** Activity **
Please return each of the entries exactly, minus their pictures.

--------------------------------

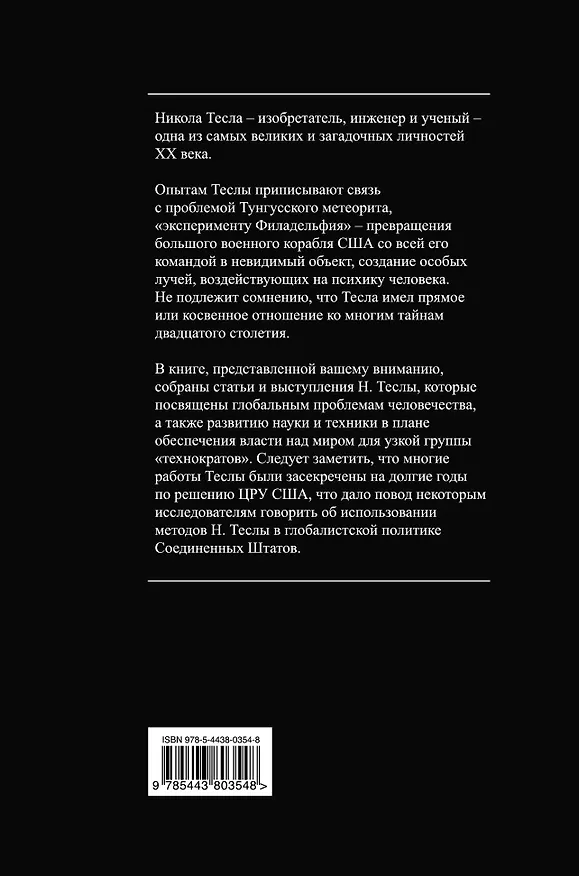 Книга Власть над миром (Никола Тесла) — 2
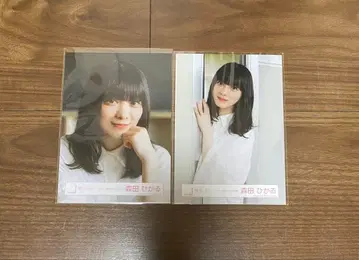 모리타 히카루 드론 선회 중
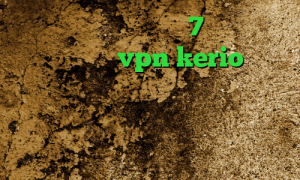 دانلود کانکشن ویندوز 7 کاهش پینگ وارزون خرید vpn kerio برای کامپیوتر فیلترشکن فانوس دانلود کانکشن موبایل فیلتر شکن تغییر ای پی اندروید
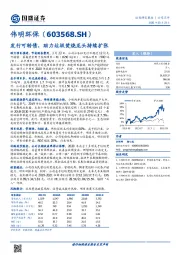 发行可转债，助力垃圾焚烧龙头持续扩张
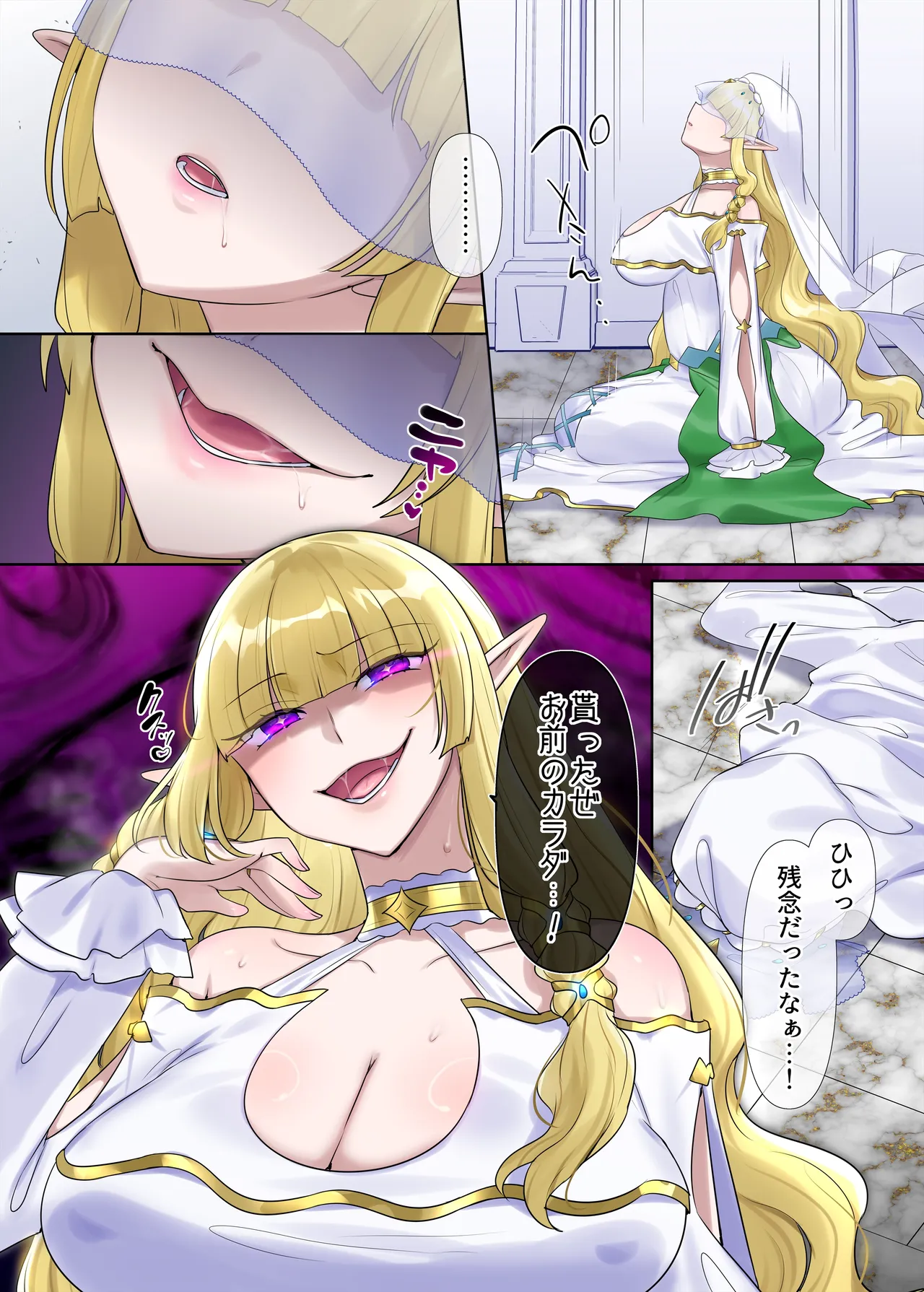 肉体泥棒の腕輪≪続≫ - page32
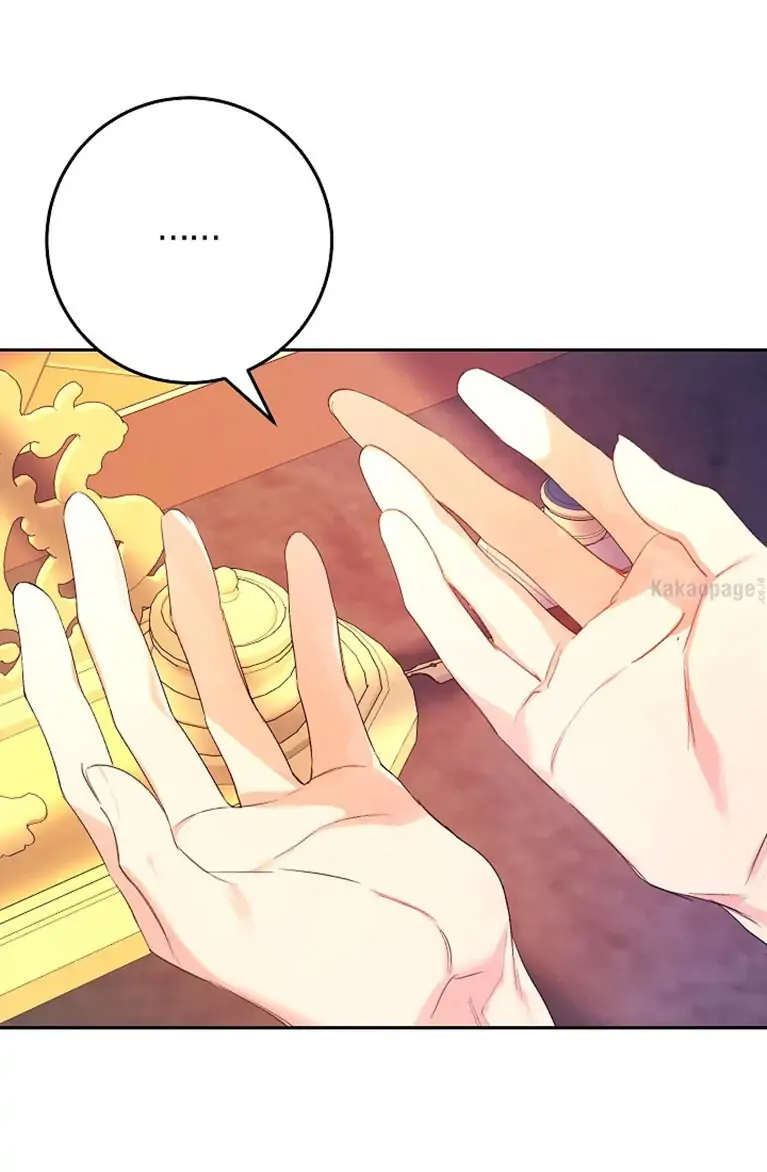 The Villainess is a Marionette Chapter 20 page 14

--------------------------------

** Answer to the exercise **
 Книга Власть над миром (Никола Тесла) — 2
 모리타 히카루 드론 선회 중
 دانلود کانکشن ویندوز 7 کاهش پینگ وارزون خرید vpn kerio برای کامپیوتر فیلترشکن فانوس دانلود کانکشن موبایل فیلتر شکن تغییر ای پی اندروید
 发行可转债，助力垃圾焚烧龙头持续扩张
 肉体泥棒の腕輪≪続≫ - page32
 The Villainess is a Marionette Chapter 20 page 14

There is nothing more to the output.